Serverless Deep Learning

Jan 05, 2019

Snark Hyper: Getting Started

With the exponential increase of training data and the computational complexity of machine learning models, Deep Learning on the cloud has become very engineering heavy. Single training experiment of a production ready model may take up to 2 weeks. If one wants to explore more variations or fine-tune hyper-parameters, production lifecycle becomes really slow.
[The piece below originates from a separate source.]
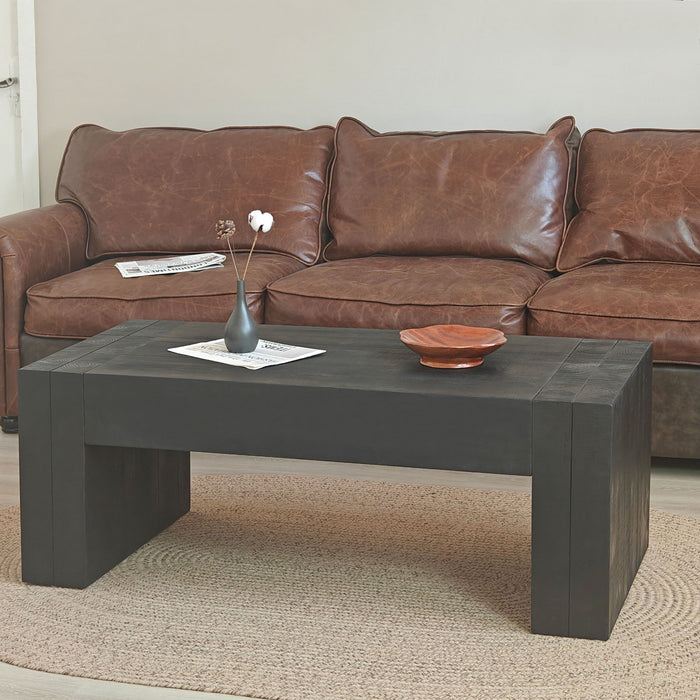 Modern Farmhouse Living Room Block Leg Coffee Table Home Essentials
Picking the right instance, managing cloud instances for optimal utility rate, handling spot/pre-emptive instances, running multiple experiments at the same time, all require a lot of DevOps work from deep learning engineers, who may better spend their time developing models.
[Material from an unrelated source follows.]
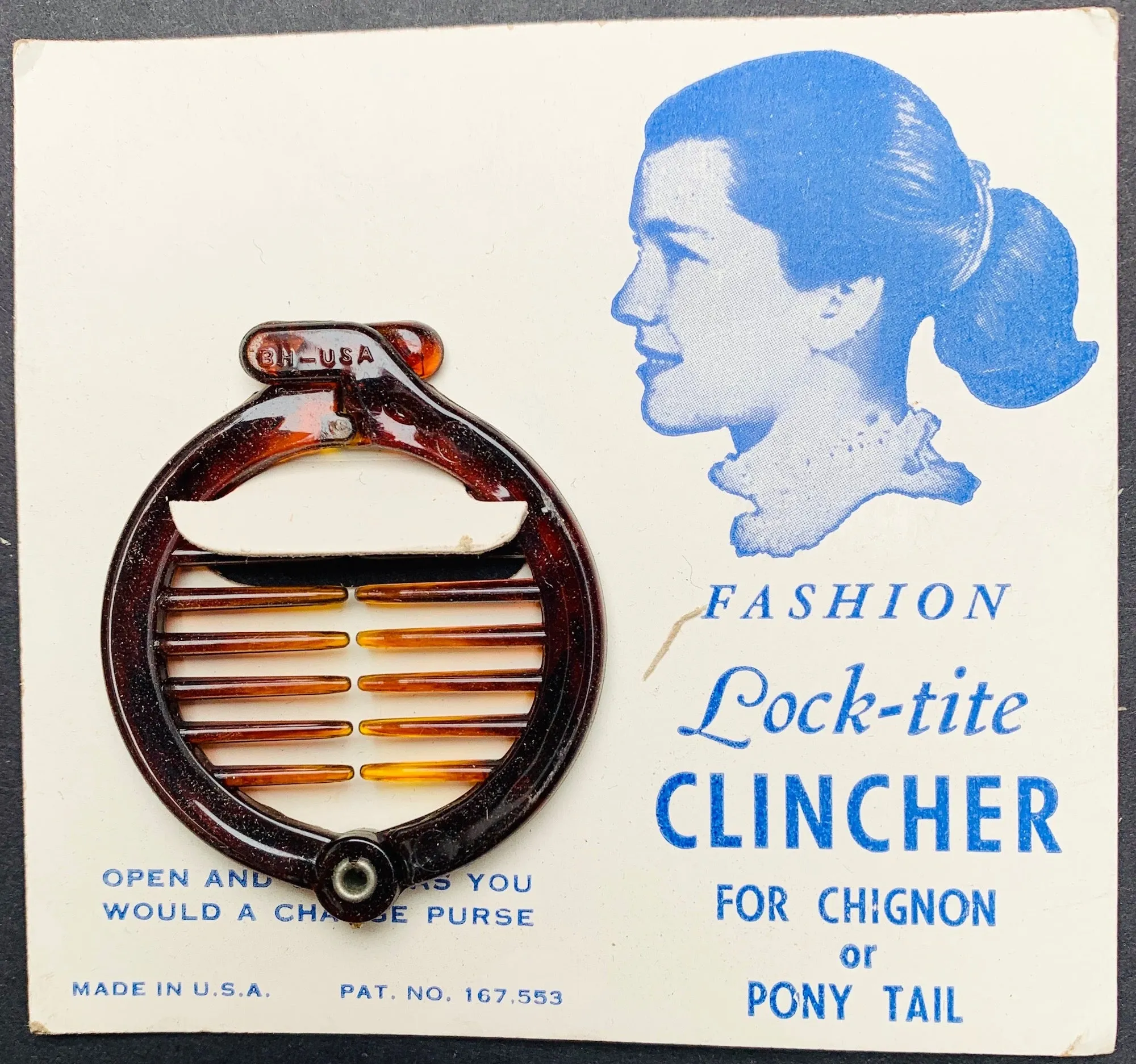 1950s "Lock-tite CLINCHER" Ring Grip for Chignon or Pony Tail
Snark Hyper helps to abstract away ML infrastructure and focus on the essential — Building and improving models at scale.

How it works?

You can easily install Snark CLI and register an account at Snark Lab.

sudo pip3 install snark
snark login

Define the training process in a mnist.yaml file

version: 1
experiments:
  mnist_dev_test:
    image: pytorch/pytorch:latest
    hardware:
      gpu: k80
    command:
      - mkdir /demo && cd /demo
      - git clone https://github.com/pytorch/examples
      - cd examples/mnist
      - python main.py

Boom, you are done…

snark up -f mnist.yaml

You have just started an instance, loaded the container equipped with PyTorch, downloaded the source code and started training. Well this will take some time since we are bounded by the speed of light, however for long trainings, a few minutes should not matter.

After scheduling the task, we are able to check the status of the experiment by running snark ps. Once we are happy with the training process, we simply take it down by snark down {experiment_id} to avoid additional charges of machine time.

Getting Results: You can additionally specify to upload the model to an S3 bucket or another repository by adding command after training script python main.py or run snark logs {experiment_id} to get training logs.